THE FLIP SIDE

Wicked winters bring ice to Beaver Lake

Ice on parts of Beaver Lake during frigid weather this month brought back memories of days when the lake froze over from the headwaters near Fayetteville all the way north to the dam.

Garland Villines, who lives near Hickory Creek park, remembers when it was common for the big lake to freeze.

"I saw it in the '70s a lot," Villines said. "The ice used to get 16 to 18 inches thick in the river arms."

That took some major cold.

"It'd be zero or below for a week at at time," he said.

Two nights of zero-degree temperatures in mid-January this year froze Beaver Lake one-half inch thick around the docks at Hickory Creek Marina.

"It didn't freeze over the first night because the wind was blowing. The next night it froze because it was still," Villines noted.

Lynn Kiper and his dad ran the old Beaver Lake Sports Shop for years in downtown Rogers. Kiper said he remembers winters when the entire lake froze.

Bob Anderson of Rogers was the top dog, also called resident engineer, for the Army Corps of Engineers at Beaver Lake during the 1980s. It was unusual for the lake to freeze over, but it did, Anderson remembered. At least most of it. There may have been pockets of open water out in the middle near the dam and other wide areas of the reservoir.

Anderson said he never made a special trip by vehicle around the whole lake to see if every inch of water was frozen. But most of the lake would freeze now and then during the 1980s, he said.

"It caused some problems for people with docks," he recalled. "And people who ran the commercial marinas hated to see it because there wasn't any activity at all.

"You'd get one of those years when it was an unusually cold winter, and maybe this is going to be one of those winters," Anderson said.

My own recollection is seeing the big lake frozen over from the headwaters to Rocky Branch park and farther north during some winters in the early 1980s. I'd call Lost Bridge Marina near Beaver Dam each week for the newspaper's fishing report. They'd tell me the lake was frozen up there.

I'll never forget one icy 1980s adventure on Beaver Lake. I was bundled up in an aluminum boat with Ralph Fourt at the helm. Ralph was our area fisheries biologist with the Arkansas Game and Fish Commission back then. The morning was freezing and gray while Ralph motored across the chop of the main lake, then steered into a cove to check on some project.
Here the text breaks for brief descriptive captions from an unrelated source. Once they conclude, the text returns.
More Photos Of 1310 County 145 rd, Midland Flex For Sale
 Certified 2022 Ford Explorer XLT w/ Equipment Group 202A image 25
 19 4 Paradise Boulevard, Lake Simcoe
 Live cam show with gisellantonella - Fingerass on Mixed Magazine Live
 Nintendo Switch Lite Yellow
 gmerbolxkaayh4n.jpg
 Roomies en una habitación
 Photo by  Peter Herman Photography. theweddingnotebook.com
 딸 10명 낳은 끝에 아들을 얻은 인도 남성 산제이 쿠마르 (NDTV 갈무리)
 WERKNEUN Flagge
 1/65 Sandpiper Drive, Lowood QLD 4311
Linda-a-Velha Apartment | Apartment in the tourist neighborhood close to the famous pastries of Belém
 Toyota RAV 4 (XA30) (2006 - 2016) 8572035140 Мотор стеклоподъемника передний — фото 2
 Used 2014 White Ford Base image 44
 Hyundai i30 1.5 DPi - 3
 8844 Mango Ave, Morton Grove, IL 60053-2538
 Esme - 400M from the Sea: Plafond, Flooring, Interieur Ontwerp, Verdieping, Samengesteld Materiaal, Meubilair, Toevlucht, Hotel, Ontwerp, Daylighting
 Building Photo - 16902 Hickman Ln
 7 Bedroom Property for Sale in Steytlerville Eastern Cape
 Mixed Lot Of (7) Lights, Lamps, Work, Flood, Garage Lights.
All of a sudden the boat ran up on solid ice. No way Ralph could have seen it. The ice was practically invisible.

We'd run up on an ice shelf thick enough to support the boat, but thankfully, thin enough where we could break the ice with a paddle. Ralph and I broke ice for 30 minutes to get that boat back into open water.

I'll wager the whole lake won't freeze this winter, but watch out for ice in those coves when our nights dip into single digits with no wind.